The table below presents certain key cash flow and capital highlights for the periods indicated.

 

(In millions)

Nine Months Ended

 

February 27,

2010

 

February 28,

2009

Cash and cash equivalents, end of period

$123.1 

 

$172.4 

Marketable securities, end of period

13.9 

 

13.3 

Cash generated from operating activities

62.8 

 

64.4 

Cash used for investing activities

(54.8)

 

(20.8)

Cash used for financing activities

(77.9)

 

(12.0)

Capital expenditures

(15.3)

 

(20.3)

Stock repurchased and retired

(0.7)

 

(0.1)

Interest-bearing debt, end of period (1)

301.7 

 

377.4 

Available unsecured credit facility, end of period (2)

138.8 

 

236.9 

(1) Amounts shown include the fair market values of the company’s interest rate swap arrangements.
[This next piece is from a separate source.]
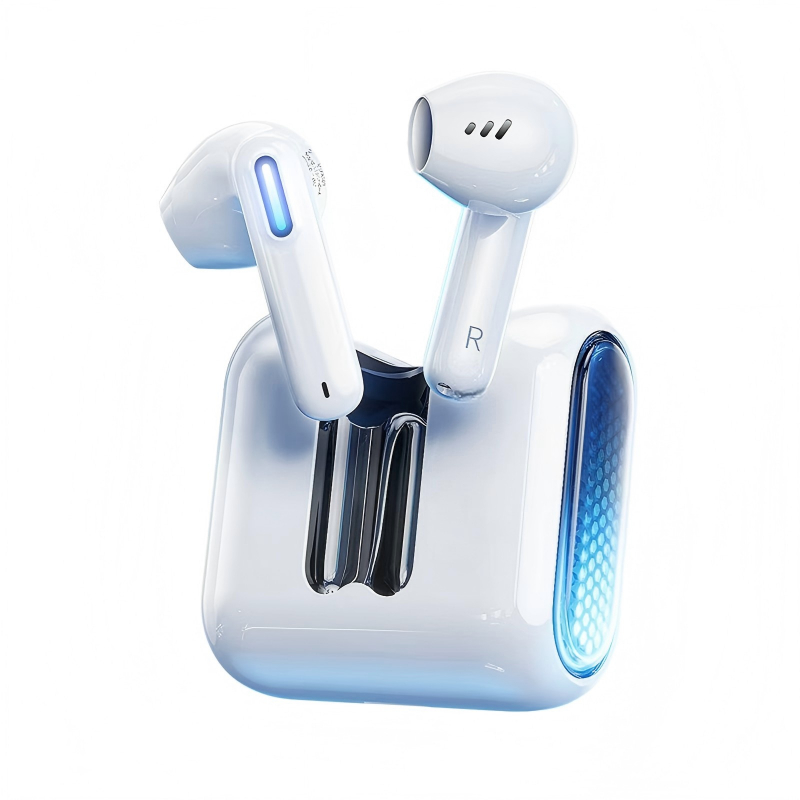 Gaming Wireless Earbuds with RGB Lighting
The net fair value of these arrangements totaled approximately $1.7 million and $2.4 million at February 27, 2010 and February 28, 2009, respectively.

(2) Amounts shown are net of outstanding letters of credit of $11.2 million and $13.1 million at February 27, 2010 and February 28, 2009, respectively, which are applied against the company’s unsecured credit facility.

 

Cash Flow – Operating Activities

We generated $8.4 million in cash from operating activities in the third quarter compared to $18.7 million in the prior year.  For the first nine months of fiscal 2010, cash generated from operations totaled $62.8 million.  This compares to cash flows generated from operating activities of $64.4 million in the first nine months of fiscal 2009. 

 

Quarter and Nine-Months Ended February 27, 2010

Changes in working capital balances for the quarter drove a use of cash totaling $8.1 million. The main factors impacting working capital were a decrease in accounts payable of $6.4 million and a decrease in accrued compensation of $10.0 million.  These amounts were partially offset by a decrease in accounts receivable of $1.8 million, which was effected by timing of sales, and a decrease in the net inventory balance of $9.4 million. 

 

Through the first nine months of the year, changes in working capital balances accounted for a net $8.3 million use of cash. Included in this amount was a decrease in accrued compensation of $10.2 million and a decrease in various tax accruals of $3.9 million.  Significant sources of cash included a decrease of accounts receivable of $3.1 million, a reduction in prepaid assets of $13.9 million, and an increase in accounts payable of $1.4 million partially offset by a decrease in other accruals.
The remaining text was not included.